Chapter 16 includes a lot about the metadata service, managed metadata and managed keywords, term store and term sets as well as groups and shows you how to configure the whole thing and how to use it in sites. This chapter is also useful for a power user.

Chapter 17 starts with an overview of the user profile service application. It doesn’t guide you in detail through the setup process of user profile synchronization… I think that’s still tricky these days. Furthermore it includes an overview about audiences, tags and notes, My Site, ratings, wikis, blogs and people search. As you can see by the amount of topics it won’t be too detailed.

Chapter 18 and 19 are about SharePoint 2010 office client integration and Office Web Apps. It shows you how to connect to SharePoint using the clients as a start as well as connection to the clients using SharePoint as a start. The integration with Word, Excel, PowerPoint, Outlook, InfoPath, Visio, OneNote, Access and Workspace are described with more details. Later on the Office Web Apps are described, how they are deployed and administrated including PowerShell scripts. I didn’t know that they include accessibility features like screen reader support. And I didn’t know that the deployment can be that extensive… I remembered it a lot more straightforward.

I didn’t read chapter 20 (sorry for that, I assume it’s well written too) but Business Intelligence is definitely not my case.

Chapter 21 is not about WCM it’s about ECM or DMS? Well it’s about documents and doesn’t include web content. Instead it includes managed metadata, documents sets, document IDs and the content organizer. This chapter not only describes how to set it up it also gives an approach how to use it!

Yes you should use SharePoint Designer 2010 (if you really know what you are doing). Chapter 22 shows you what you can do including data sources, views and forms, workflows and branding.

Chapter 23 is about branding SharePoint 2010 so you (as an administrator) get an overview about what is going on behind the scenes. The beginning of that chapter wasn’t really interesting and I don’t know if an admin cares about what master pages are. The second part was more interesting when it comes to customizations and blocking customizations.

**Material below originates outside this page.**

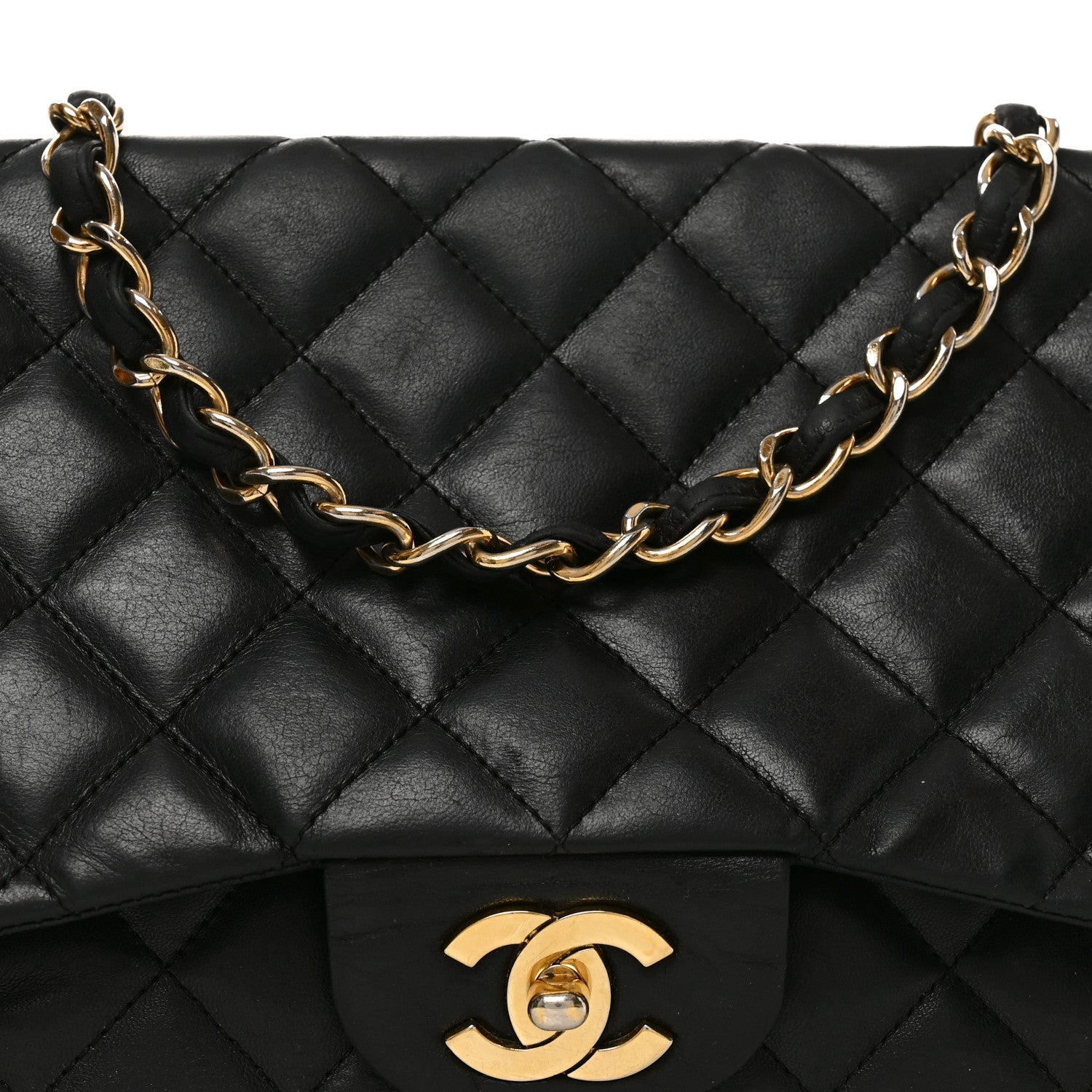 Lambskin Quilted Jumbo Single Flap Black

Chapter 24 gives an introduction to the Business Connectivity Services (BCS) and how to use it. And: it shows the different capabilities BCS in SharePoint Foundation 2010 and SharePoint Server 2010 which is pretty cool because I don’t have to look for myself!

Chapter 25 is about workflow basic including InfoPath, Visio as well as Visual Studio and gives a real world example using an expense report approval scenario.

My comments

Things I like

  • This book is for the advanced administrator and therefore has a lot of in-depth knowledge and useful tips.
  • It also has some parts where it gives an overview about fundamental things like navigation and security. 
  • It covers a lot of SharePoint 2010 content.
  • It provides PowerShell scripts where it is appropriate or has pictures showing how to complete a task.
  • The style of writing is cool and sometimes funny so it encourages you to read the rest of the book.
  • At the beginning of every chapter the key learning's of the chapter are mentioned and at the end there is a short summary. 

Things to consider

  • A few more conceptual figures would have been nice in chapter 14. 

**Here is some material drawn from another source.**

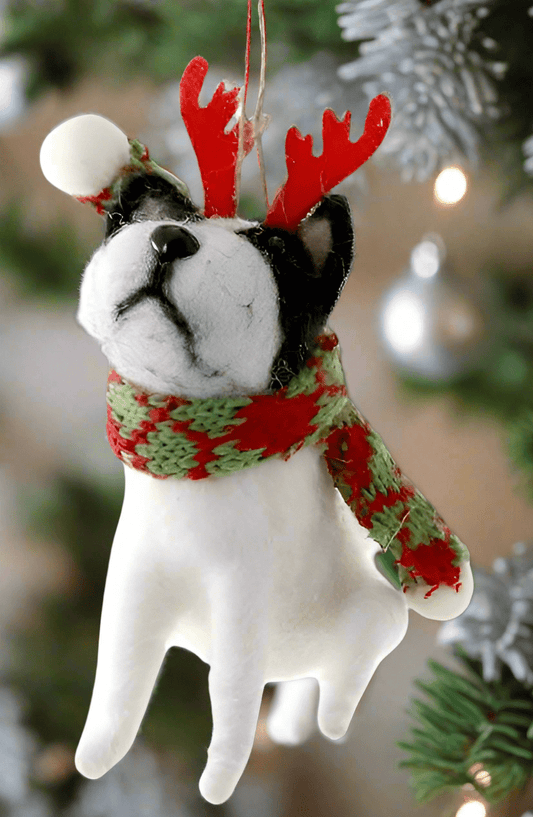 Felt Friends Dog - Antlers And Scarf Christmas Ornament - Bon Ton goods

I really like the style of writing since it helped me a lot reading such a huge book. Don’t get me wrong the content of this book is great, it’s detailed… it’s the thing you would expect but hey it’s also big. But it never get’s boring although the book is packed with a lot of know-how.

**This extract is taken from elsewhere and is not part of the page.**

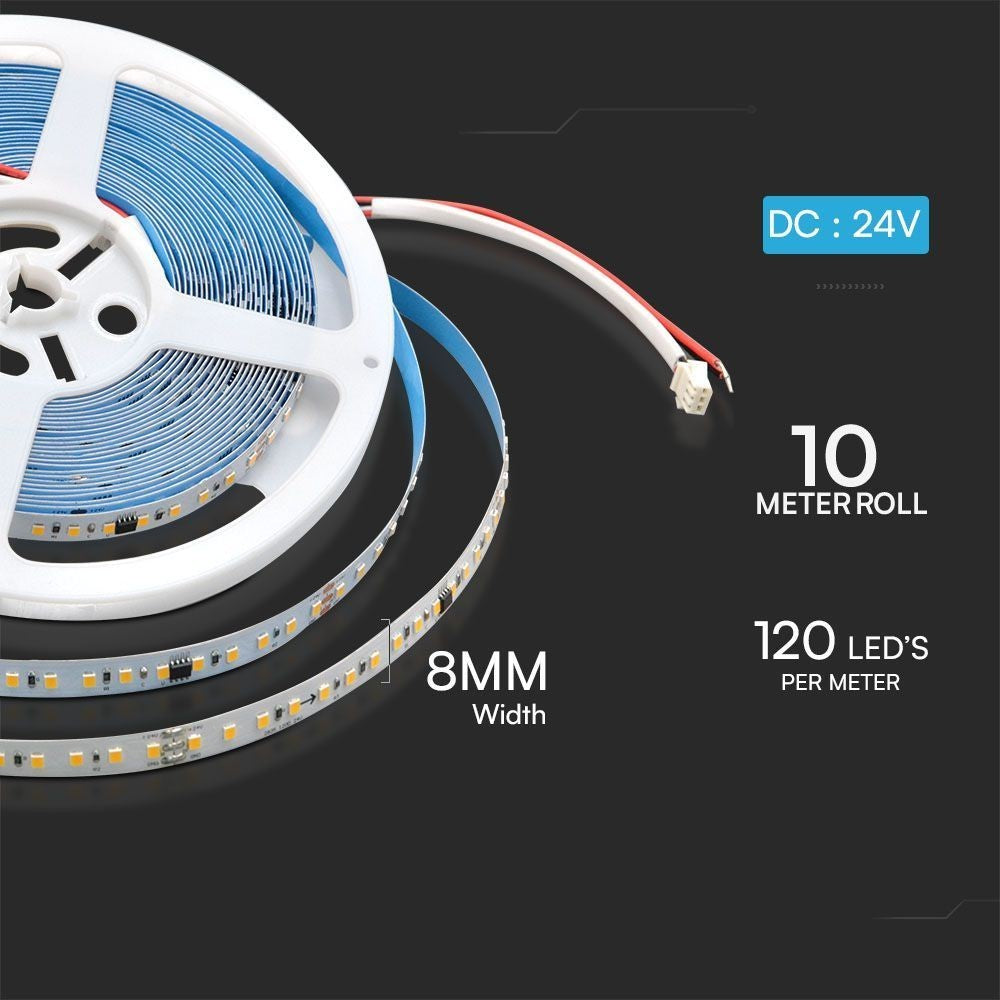 V-Tac 10W/m LED strip IC løbelys - 10m, inkl. kontroller, 120 LED pr. meter, 24V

I like chapter 21 (content management) since it gives an approach on how to use it. All the other chapters are also really good. Chapter 19 was a little bit confusing about deploying Office Web Apps since I remember it easier.

Compared to Beginning SharePoint 2010 Administration this book does not try to explain the business requirements behind SharePoint components like lists and libraries which is positive.

Due to the authors and their style of writing and the huge amount of expertise the book is a must have. (It’s really impressive what the authors created since it's definitely a lot of hard work.)